Clean, drain and dry

The simple clean, drain and dry process — which involves removing debris from your boat, draining all the water out of your boat and then allowing it to dry for a specified period of time — is available at stdofthesea.utah.gov.

In addition to your boat, Nathan Owens, aquatic invasive species coordinator for the DWR, encourages you to clean and dry any equipment that came in contact with the water. "We're seeing boat anchors with mussels attached to them fairly regularly at Lake Powell," he says.
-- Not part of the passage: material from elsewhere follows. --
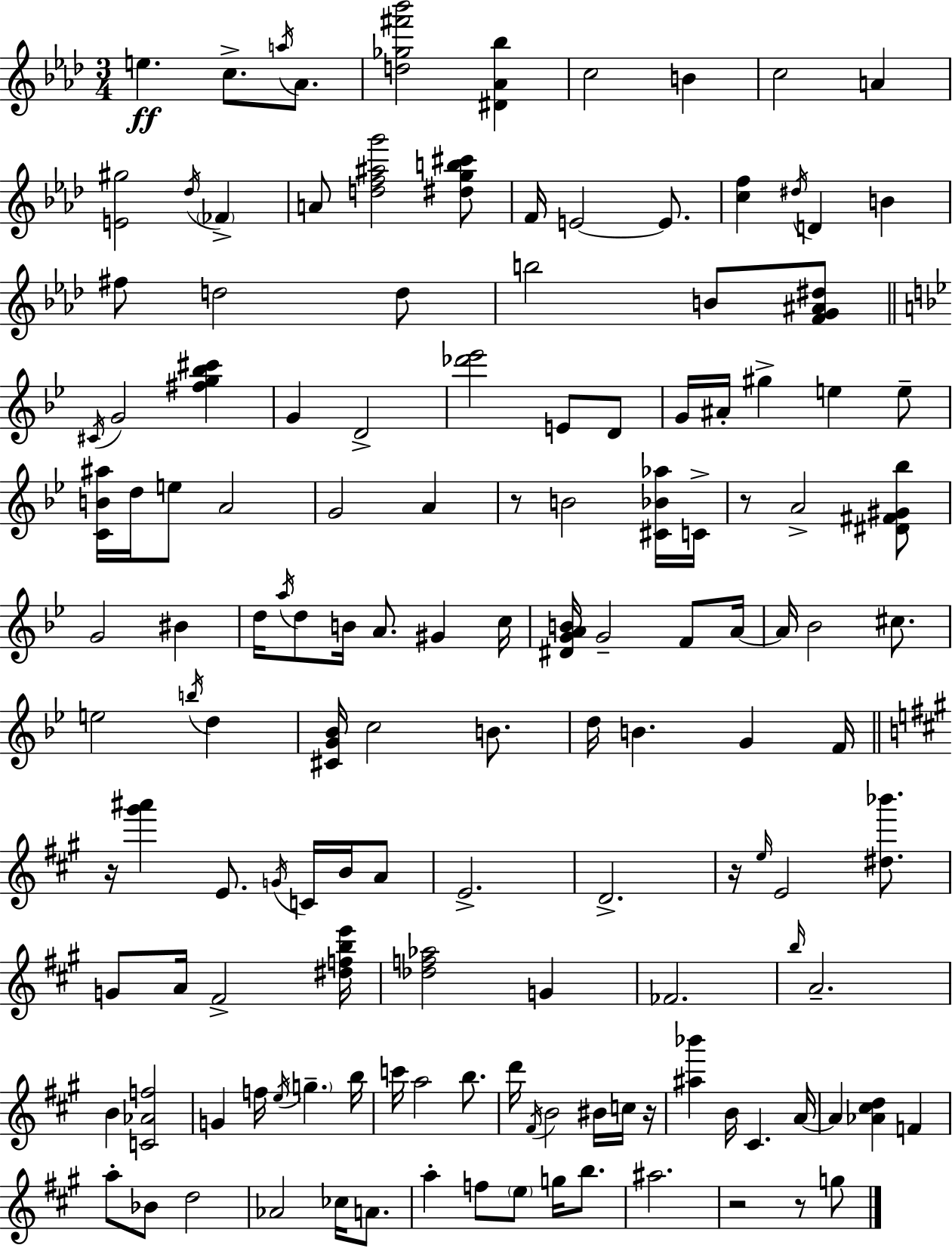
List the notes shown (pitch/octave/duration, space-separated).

Dalebout encourages you to follow the process above, no matter which water in Utah you've been boating on. "Utah's waters are tested for quagga mussels regularly," he says, "but you never know when and where they might turn up. Cleaning, draining and drying your boat — after every boating trip — will help ensure any mussels that might have attached themselves to your boat, or gotten into its water supply, aren't carried to another water. Please clean and dry your anchors and other equipment too."

Why the concern?

There are many reasons why Utahns don't want quagga mussels, or their cousins, zebra mussels, in the state:

• Mussels can plug water lines, even lines that are large in diameter.

• If mussels get into water pipes in Utah, it will cost millions of dollars to try to remove them. If you live in Utah, you'll likely pay higher utility bill costs to try to get the mussels removed.

• Mussels remove plankton from the water, the same plankton that supports fish in Utah. The mussels could devastate fisheries in Utah.

• Mussels can get into your boat's engine cooling system. Once they do, they'll foul the system and damage the engine.

• When mussels die in large numbers, they stink. And their sharp shells can cut your feet as you walk along the beaches where the mussels died.